Exercise instructions
Copy each entry below exactly. No images.
*-*-*
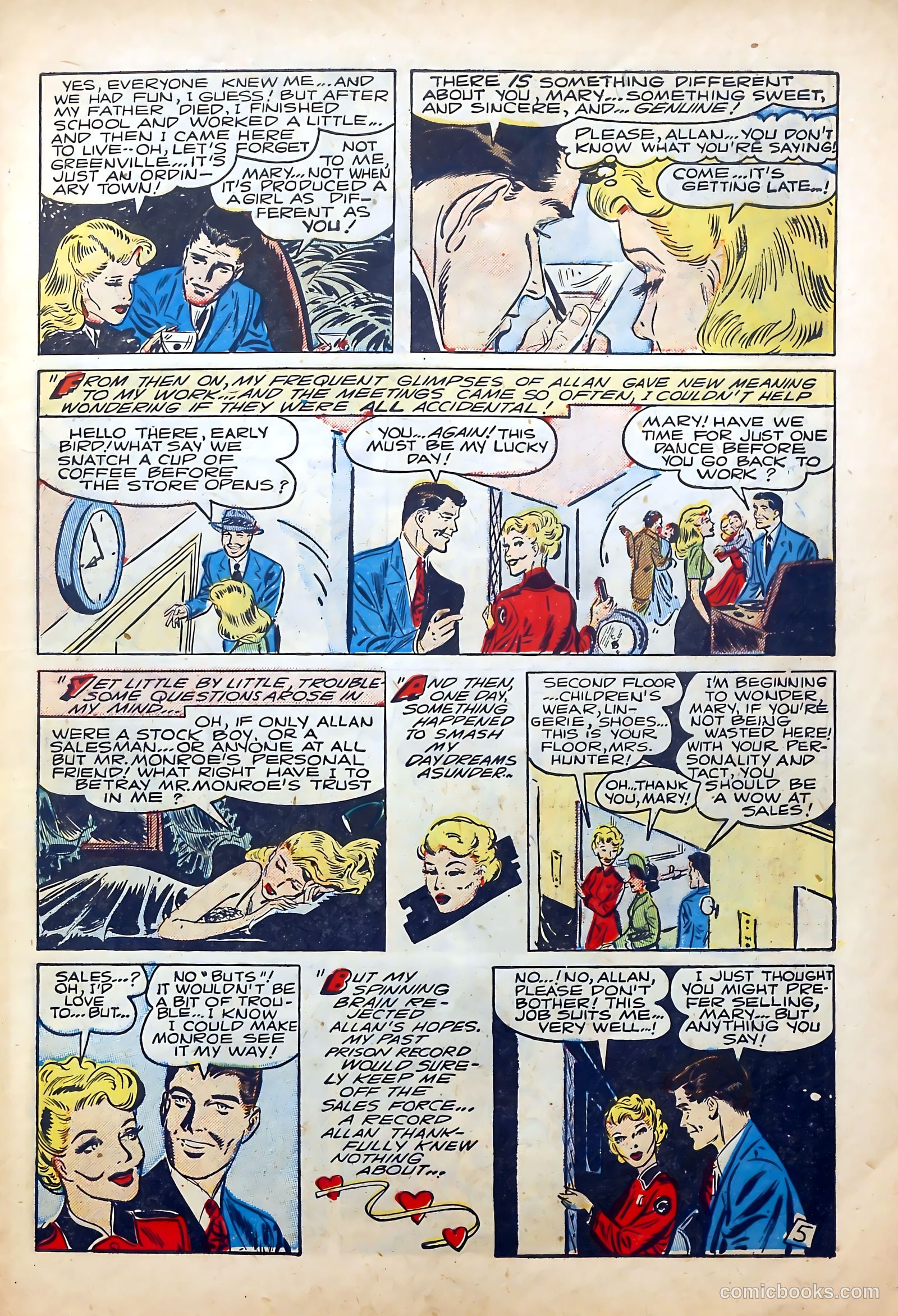Popular Romance #9 — page 7 of 36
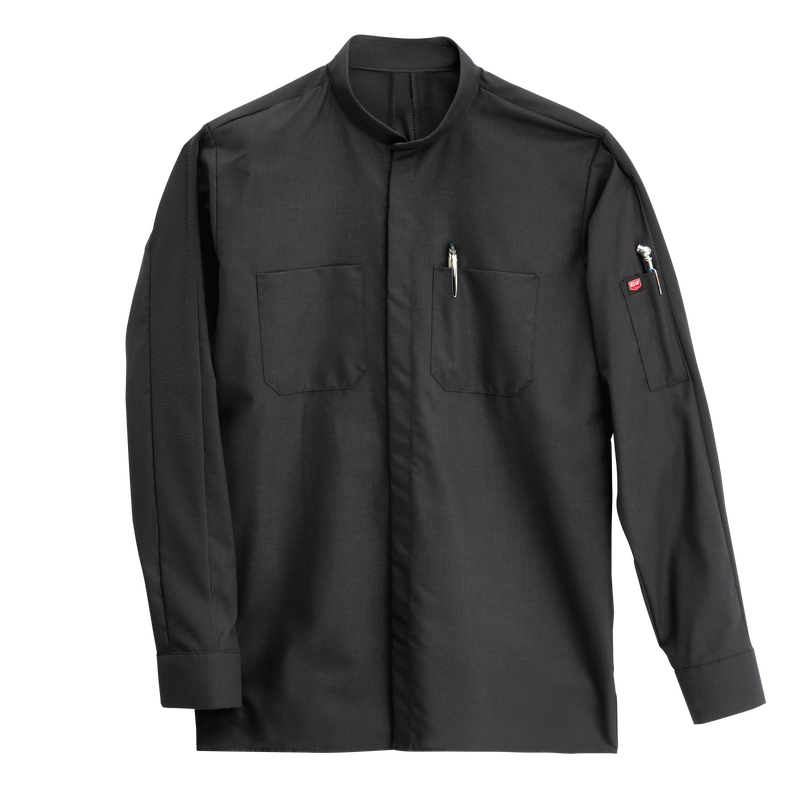 Men's Long Sleeve Pro+ Work Shirt with OilBlok and MIMIX® image number 5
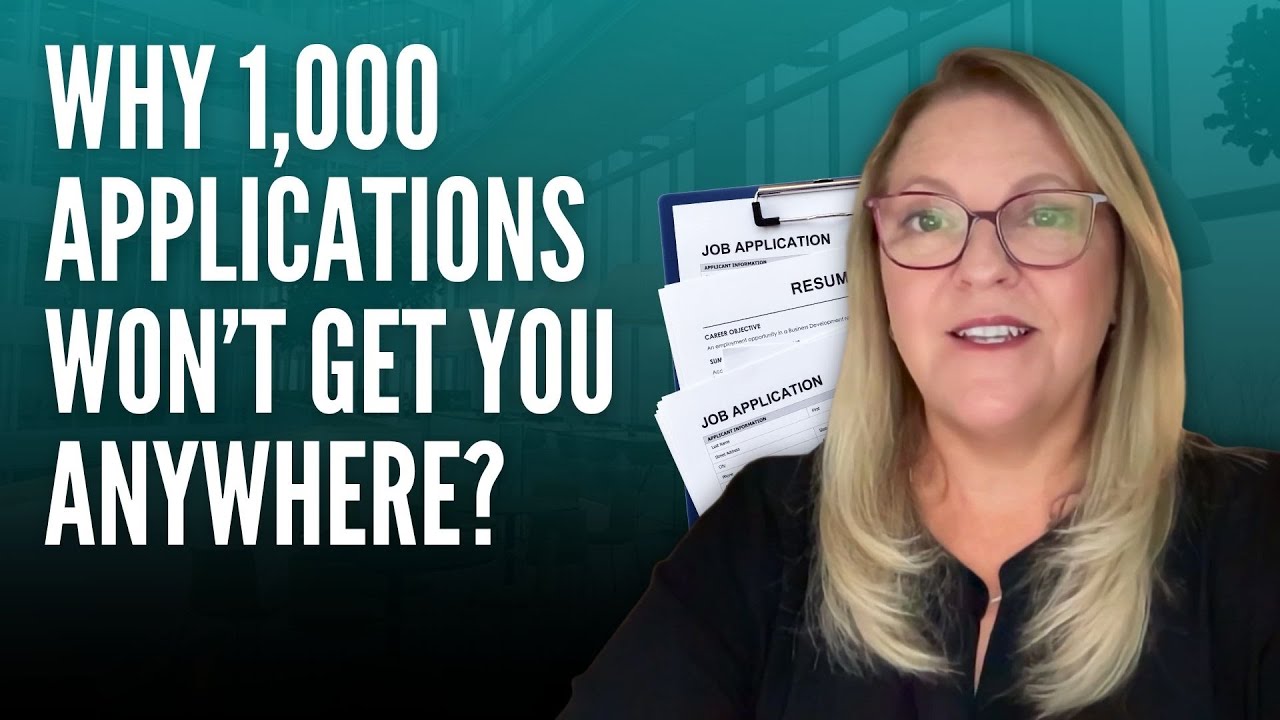 Why Did 1,000 Job Applications Fail?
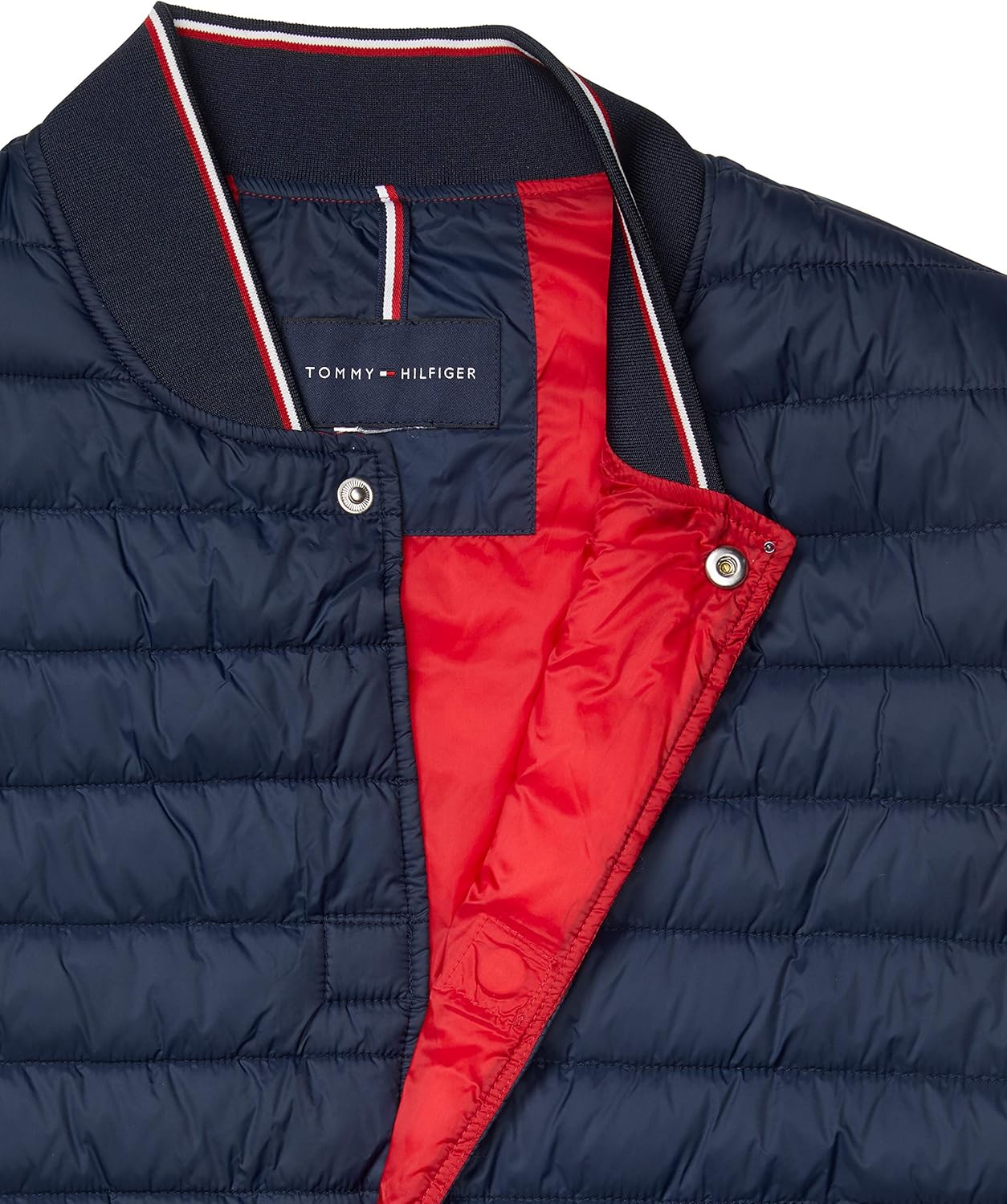 Tommy Hilfiger mens Adaptive Insulator Vest With Magnetic Zipper at  Men’s Clothing store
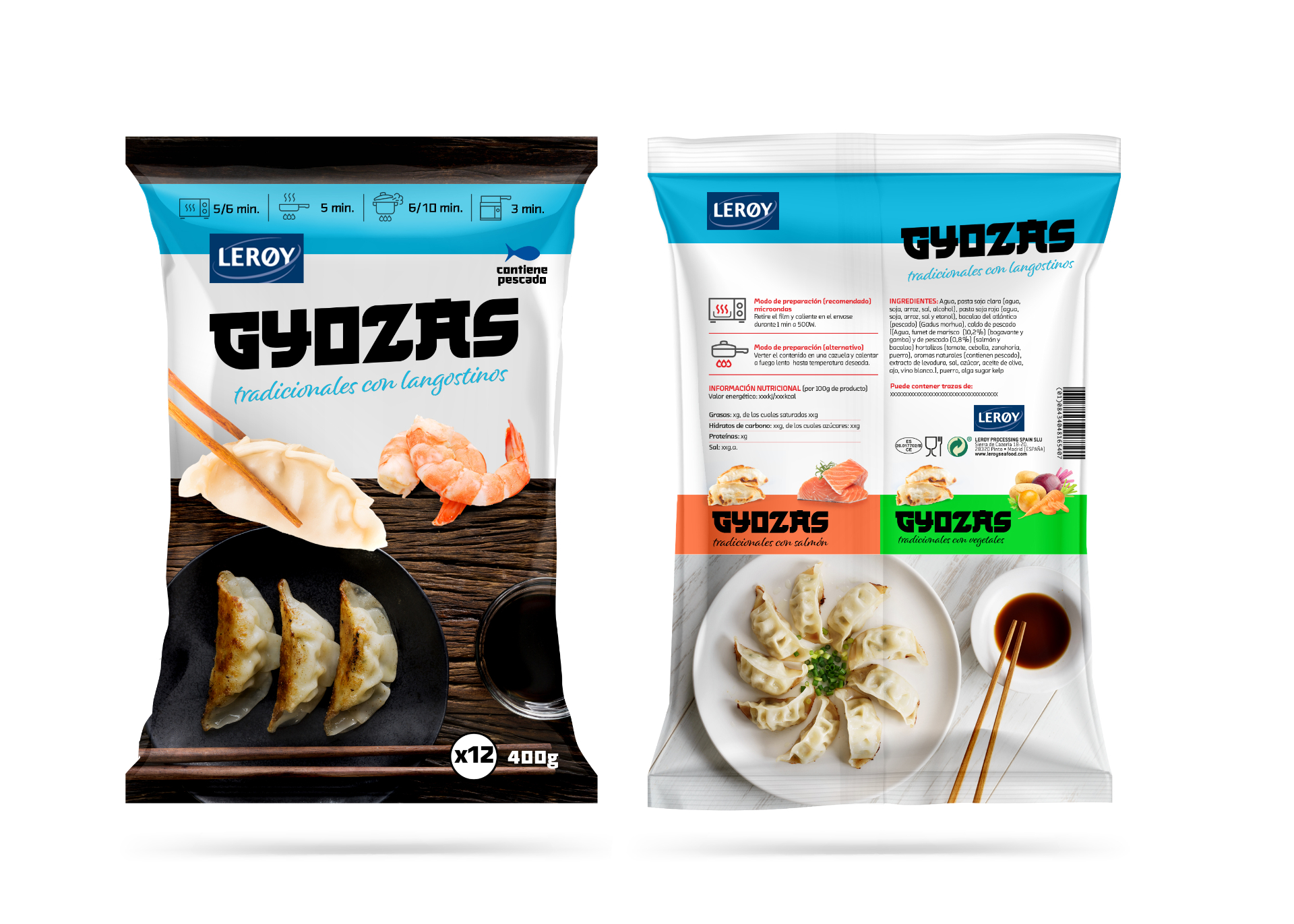 Gyozas Lerøy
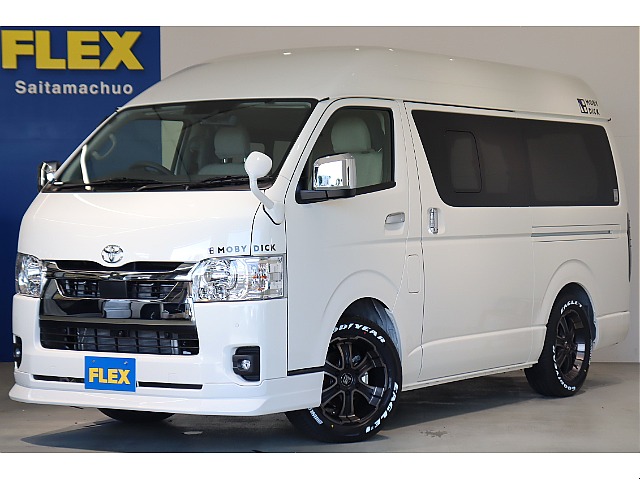 ハイエースバン 2.8 DX ロング ハイルーフ GLパッケージ ディーゼルターボ 4WD
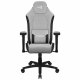 Spelstol Aerocool AEROCROWN-ASH-GREY Svart Gr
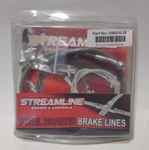 Streamline UNIV-R-26 Universal Rear Brake Kit, Clear 26IN.. Fixed Price $24.99.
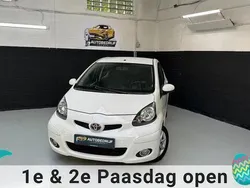 Wit Gebruikt 2010 Toyota Aygo Comfort Hatchback | € 2.950 (Eerlijke prijs)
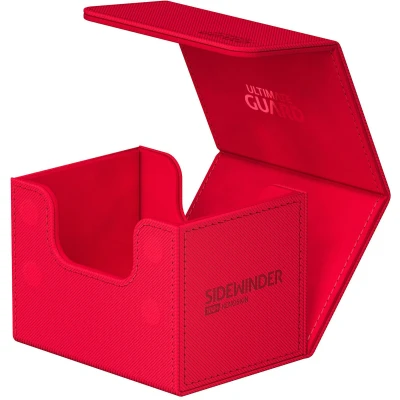 Afbeelding van Ultimate Guard Sidewinder 100+ XenoSkin Monocolor Red
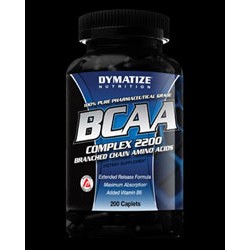 Dymatize BCAA Complex 2200 - 200 капсули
*-*-*
Solved problem
Popular Romance #9 — page 7 of 36
 Men's Long Sleeve Pro+ Work Shirt with OilBlok and MIMIX® image number 5
 Why Did 1,000 Job Applications Fail?
 Tommy Hilfiger mens Adaptive Insulator Vest With Magnetic Zipper at  Men’s Clothing store
 Gyozas Lerøy
 ハイエースバン 2.8 DX ロング ハイルーフ GLパッケージ ディーゼルターボ 4WD
 Spelstol Aerocool AEROCROWN-ASH-GREY Svart Gr
 Streamline UNIV-R-26 Universal Rear Brake Kit, Clear 26IN.. Fixed Price $24.99.
 Wit Gebruikt 2010 Toyota Aygo Comfort Hatchback | € 2.950 (Eerlijke prijs)
 Afbeelding van Ultimate Guard Sidewinder 100+ XenoSkin Monocolor Red
 Dymatize BCAA Complex 2200 - 200 капсули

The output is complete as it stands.